Ömer Seyfettin Hikayesi: Bir Refikin Defteri İhtisasatından
Şirket-i Hayriye vapuru açılan bir sine-i seyyal-i mâ içinde süzülerek ilerliyordu. Çarkların aheng-i muttaridi içinde titreyen ruh-ı samtın sine-i tesliyetine bazen küçük bir nağme yayılıyor, ve sonra o ıttırâd-ı sükûn devam ediyordu. Gâh ü bî-gâh riyâh-ı mesânın daha uzaklardan getirdiği bir ses, bir nağme-i hırâş ile başlayarak kesiliyor yine başlıyor, ve cevr-i garibin gâze-i samtından inleyerek bir enin-i sükûn gibi akşamın afak-ı dûrâdûru içinde titreyip sönüyor, nihayet kendine bir melâz-ı sükûnet buluyordu.

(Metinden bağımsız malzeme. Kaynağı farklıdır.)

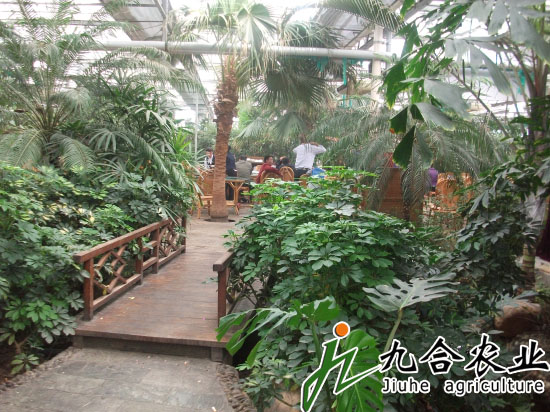 新疆伊犁霍城生态餐厅（玻璃连栋智能温室）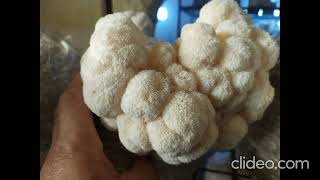 Hericium lion's Mane on our Mushroom Farms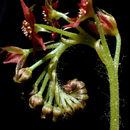 Image of Drosera adelae F. Muell.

Aksi bir cezbe-i rüzgâr vapurun siyah dumanlarını Mirgûn’un 3 bir tutuk-ı hülya perver içinde uyuyan bayırcıklarına doğru sevk ederken ruhumda sakin ve masum bir hayalin mevâlîd-i firakını dinliyordum. Vedîa-i ulviyet-i hayalim olarak gecenin, bu Mirgûn’un leyle-i ruhanîsinin, ünsiyet-i samimanesine ihdâ edilecek elhân-ı münâcâtı düşünürken yeşil bir türbeciğin küçük ormanına gelmiştim.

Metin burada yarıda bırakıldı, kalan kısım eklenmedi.